Nice macrame work! I used to do it in the 70s myself.


----------



## dragonswing (Feb 18, 2014)

You did a great job on the bracelet. Very pretty.


----------



## Nanimal (Dec 14, 2011)

nonaka said:


> Nice macrame work! I used to do it in the 70s myself.


Thank you. I still feel like a novice. I really love the styles other than just the square knot.


----------



## Nanimal (Dec 14, 2011)

dragonswing said:


> You did a great job on the bracelet. Very pretty.


Thanks so much. I love your username!


----------



## molyee2 (Oct 12, 2013)

I think you meant this site

http://tanglesnknots.com/nylon_satin_cord


----------



## Nanimal (Dec 14, 2011)

molyee2 said:


> I think you meant this site
> 
> http://tanglesnknots.com/nylon_satin_cord


That's the site. I love love love that site. Thank you. HUGS


----------



## KateLyn11 (Jul 19, 2014)

When I did macrame in the 70s it was large items, wine racks, animal heads of kids' room (3" diameter elephant). It was fun, one of these days I'll make a wine rack for my son, he's been waiting a long time for one.


----------



## Nanimal (Dec 14, 2011)

KateLyn11 said:


> When I did macrame in the 70s it was large items, wine racks, animal heads of kids' room (3" diameter elephant). It was fun, one of these days I'll make a wine rack for my son, he's been waiting a long time for one.


That sounds pretty awesome. Do you still have the pattern for the Elephant's head?


----------



## dragonswing (Feb 18, 2014)

KateLyn11 said:


> When I did macrame in the 70s it was large items, wine racks, animal heads of kids' room (3" diameter elephant). It was fun, one of these days I'll make a wine rack for my son, he's been waiting a long time for one.


Did you mean a 3 foot diameter elephant? Any pictures of it?


----------



## KateLyn11 (Jul 19, 2014)

Yes, it was about three feet in diameter (think hunter's head mount). Head was on a 2-2.5 foot ring with ears that extended beyond that. I also did a full body giraffe that was about 6' tall. I don't have any pictures. I might still have the patterns though, I am a pack rat. I'll look and see. I came across the wine rack pattern not long ago.


----------



## glnwhi (Jan 19, 2011)

Love your bracelet. Did macrame way back when and enjoyed it. My friend had a shop and wee did classes I made the ceramics we used in my shop we had a ball.


----------



## Nanimal (Dec 14, 2011)

KateLyn11 said:


> Yes, it was about three feet in diameter (think hunter's head mount). Head was on a 2-2.5 foot ring with ears that extended beyond that. I also did a full body giraffe that was about 6' tall. I don't have any pictures.
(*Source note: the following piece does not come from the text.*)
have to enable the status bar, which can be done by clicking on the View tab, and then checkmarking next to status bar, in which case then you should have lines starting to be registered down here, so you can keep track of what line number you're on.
I might still have the patterns though, I am a pack rat. I'll look and see. I came across the wine rack pattern not long ago.
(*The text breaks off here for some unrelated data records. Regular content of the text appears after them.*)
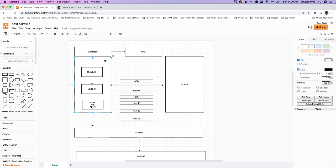We will do the integration with Firebase. In the next video, let's get started with component creation so we can have a basic layout. With Next.js we also need to decide on layouts, since every page will have a header, footer, or sidebar. We need to constrain our layouts so that headers and footers are always present on all pages. Thanks everyone.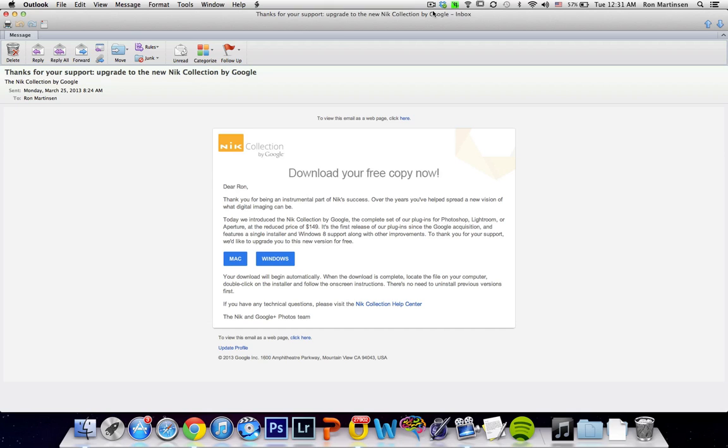Hi, this is Ron Martinson of ronmartblog.com, and I'm here today to talk to you about the Nick Collection by Google. Like many of you, I received an email this morning to download a new free copy, and so I'll do that here on my Mac.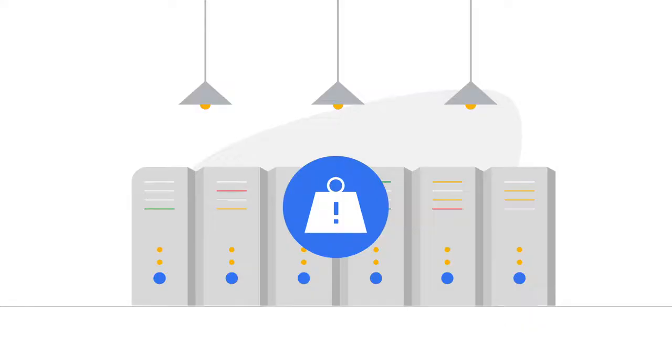For most organizations, owning and operating infrastructure does not differentiate their business. In fact, it's often a burden.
Oh my! I would so love to see those patterns....including the wine rack! They sound awesome...especially the elephant. I'm getting ready to do an owl as soon as my materials come in. I have already done a 3d fish.

The pink one with pearl eyes was made with .5mm Rosey Rose satin cord. The blue was the first and I made it of 1mm blue satin cord...it came out a little strange...the gold was with the metallic nylon cord, .6m and it was a nightmare to work with...I'm sure I'll get the hang of it, though.


----------



## Nanimal (Dec 14, 2011)

glnwhi said:


> Love your bracelet. Did macrame way back when and enjoyed it. My friend had a shop and wee did classes I made the ceramics we used in my shop we had a ball.
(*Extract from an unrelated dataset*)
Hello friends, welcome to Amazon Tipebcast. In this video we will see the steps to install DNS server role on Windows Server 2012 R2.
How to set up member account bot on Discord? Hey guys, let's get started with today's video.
Thank you so much. I was doing ceramics back in the early 80s, and I really enjoyed it. I did okay with it. I loved learning how to clean the greenware, and using the glazes and the stains. It was very enjoyable.


----------



## KateWood (Apr 30, 2011)

It's very pretty


----------



## Nanimal (Dec 14, 2011)

KateWood said:


> It's very pretty


Thank you so much.


----------



## hd4baja (Jul 29, 2015)

I made lots of plant hangers and wall hangings. I made a huge one for my brother's wedding present. When he passed, his wife asked if I would like it back, so I proudly have it on my bedroom wall. Also have one that I had made for my dad's office. I never tried the jewelry. However, I love your bracelet and think that would be fun to get back into. It's VERY pretty - cobalt blue if one of my favorite colors and it goes so nicely with the black!


----------



## Nanimal (Dec 14, 2011)

hd4baja said:


> I made lots of plant hangers and wall hangings. I made a huge one for my brother's wedding present. When he passed, his wife asked if I would like it back, so I proudly have it on my bedroom wall. Also have one that I had made for my dad's office. I never tried the jewelry. However, I love your bracelet and think that would be fun to get back into. It's VERY pretty - cobalt blue if one of my favorite colors and it goes so nicely with the black!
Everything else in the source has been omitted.